(Records from a collection)
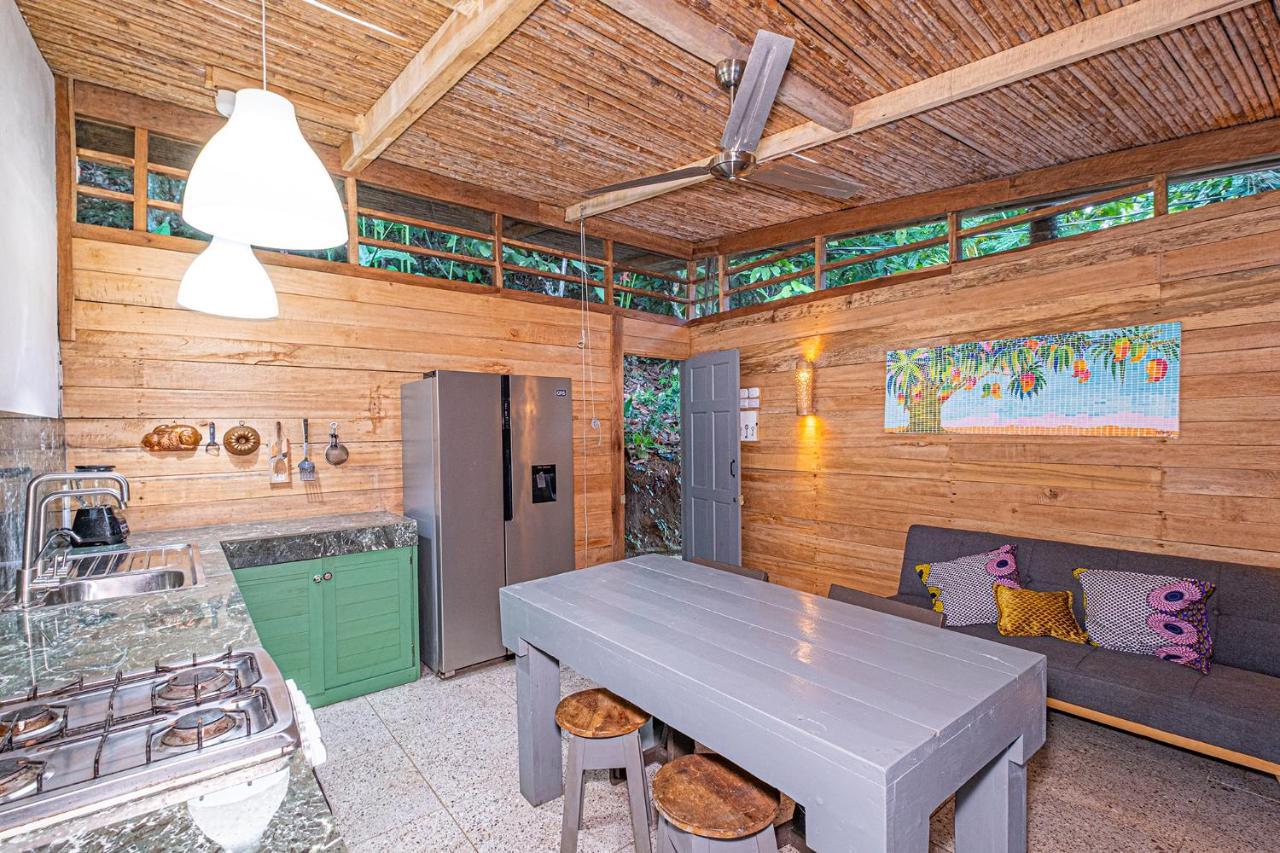 Casa La Colmena Βίλα Cahuita Εξωτερικό φωτογραφία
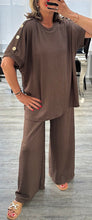 Load image into Gallery viewer, Billi button shoulder set
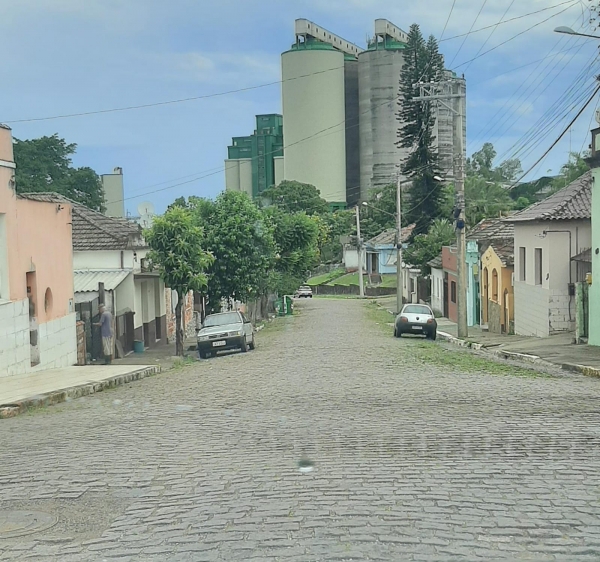 Trânsito será bloqueado nesta sexta-feira na Rua Moron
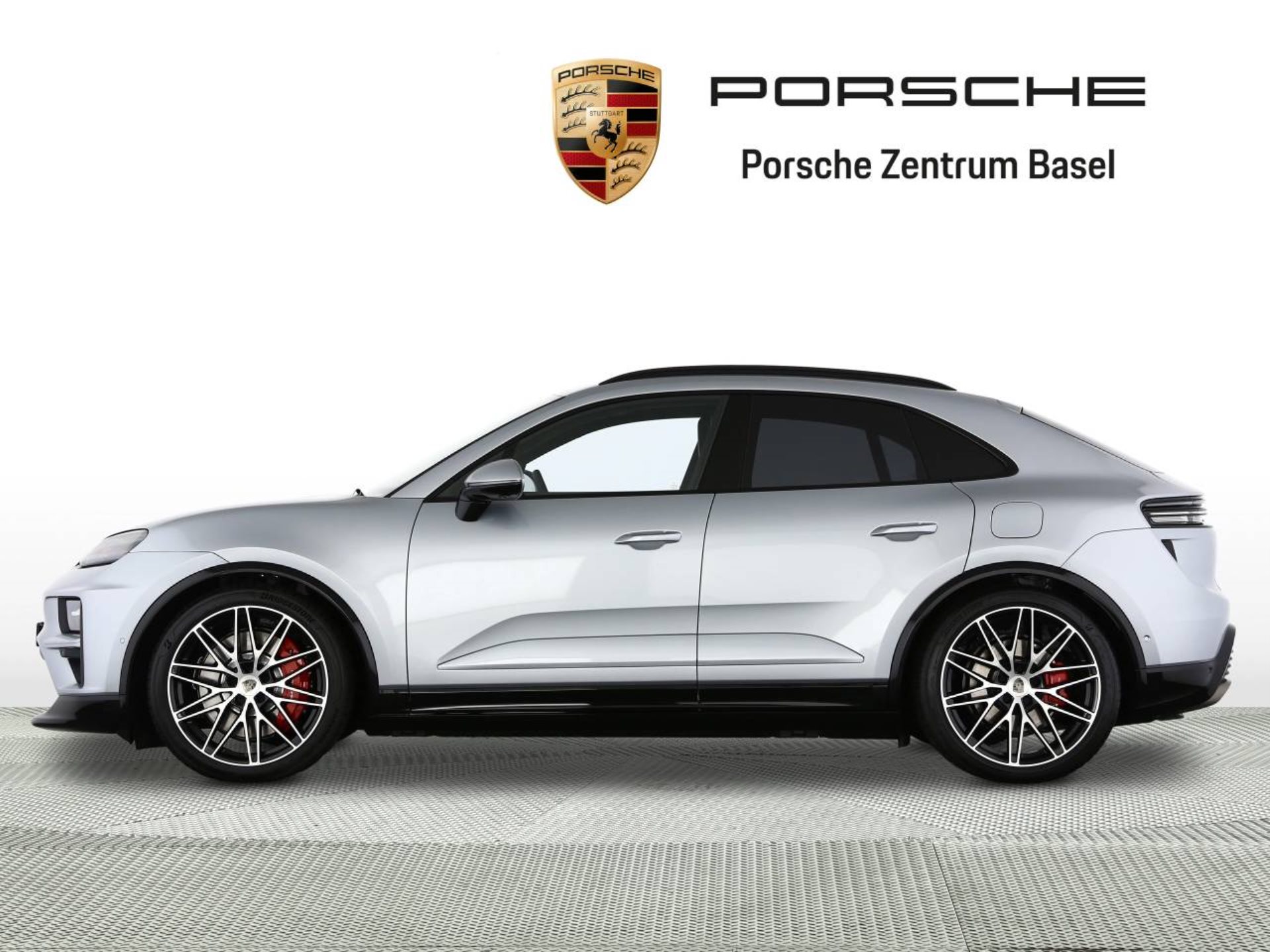 PORSCHE Macan Turbo-image-1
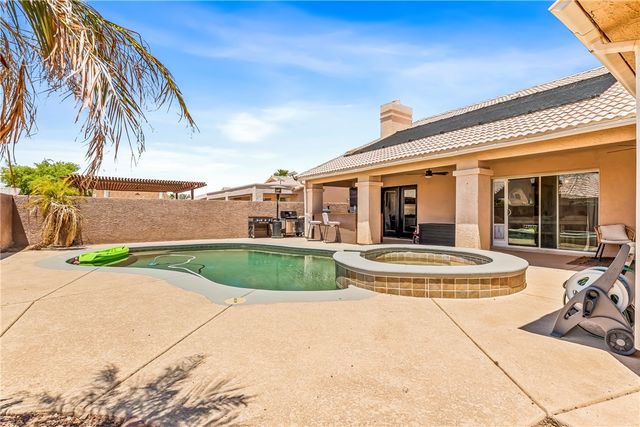 1894 E Emerald Lake Drive, Fort Mohave, AZ 86426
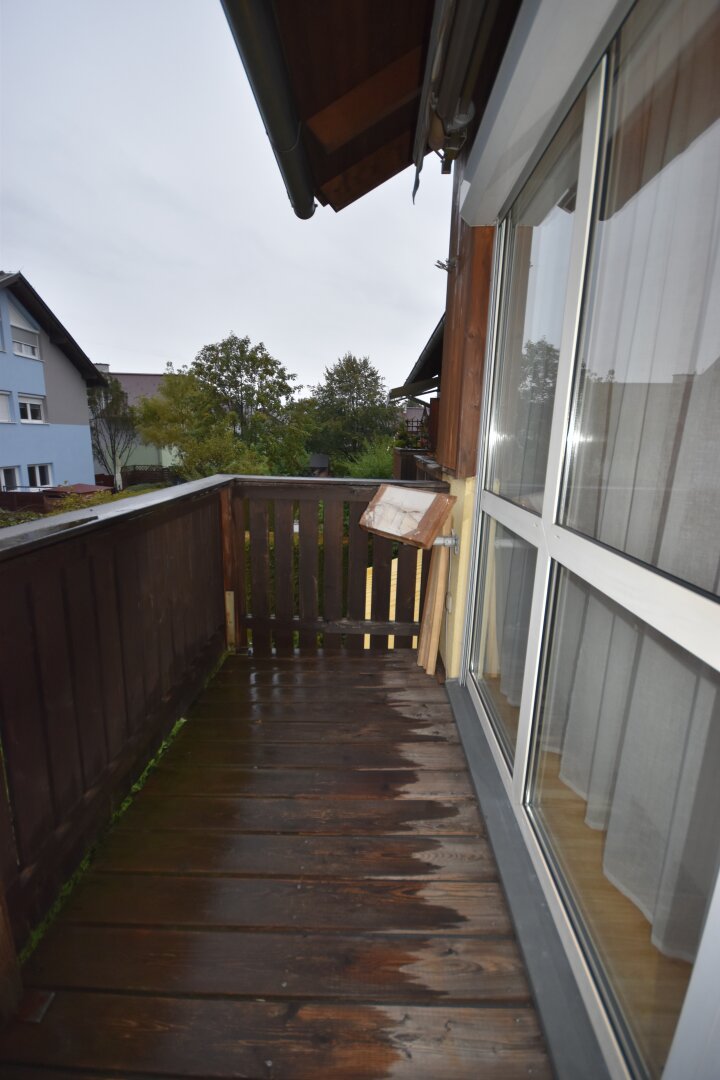 Balkon - Geräumiges und möbliertes 2 Zimmer Apartment mit Balkon Miete Eugendorf Salzburg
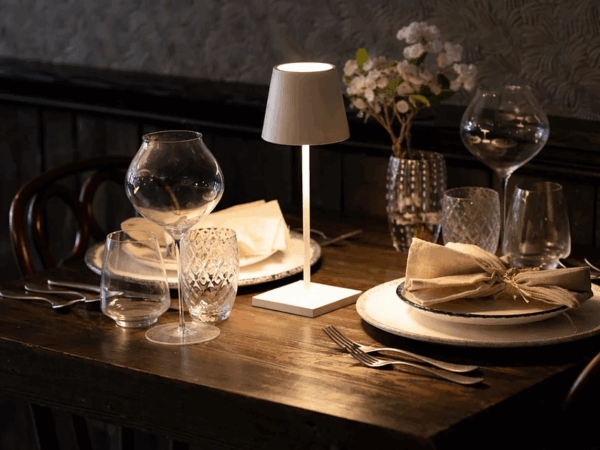 Luminária de mesa: como escolher o modelo ideal para cada ambiente da casa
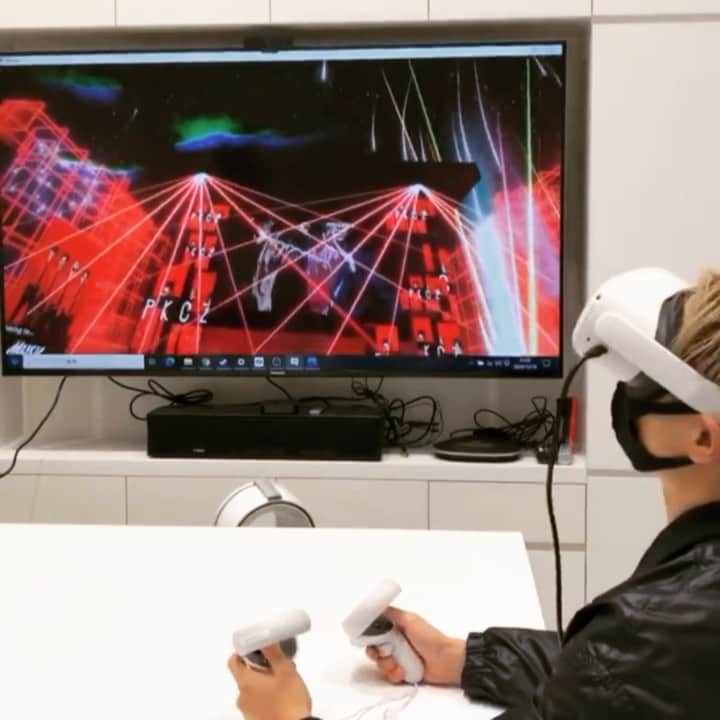 DJ DARUMAのインスタグラム：「この中で我々のスペシャルMIXを 公開中🥽🎧 来年早々更にパワーアップした ロケーションでパフォーマンス計画中！！🔊🔥 空間中ではアバターの我々と実際会ったり話したり 写真を撮ったり出来るかも！？  V氏による体験映像全編は @pkcz_official  でチェックしてください！！ コリャやばいぞ。」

ASSIGNMENT: Please set down the lines above word for word and leave out the pictures.

ANSWER SECTION:
 Casa La Colmena Βίλα Cahuita Εξωτερικό φωτογραφία
 Load image into Gallery viewer, Billi button shoulder set
 Trânsito será bloqueado nesta sexta-feira na Rua Moron
 PORSCHE Macan Turbo-image-1
 1894 E Emerald Lake Drive, Fort Mohave, AZ 86426
 Balkon - Geräumiges und möbliertes 2 Zimmer Apartment mit Balkon Miete Eugendorf Salzburg
 Luminária de mesa: como escolher o modelo ideal para cada ambiente da casa
 DJ DARUMAのインスタグラム：「この中で我々のスペシャルMIXを 公開中🥽🎧 来年早々更にパワーアップした ロケーションでパフォーマンス計画中！！🔊🔥 空間中ではアバターの我々と実際会ったり話したり 写真を撮ったり出来るかも！？  V氏による体験映像全編は @pkcz_official  でチェックしてください！！ コリャやばいぞ。」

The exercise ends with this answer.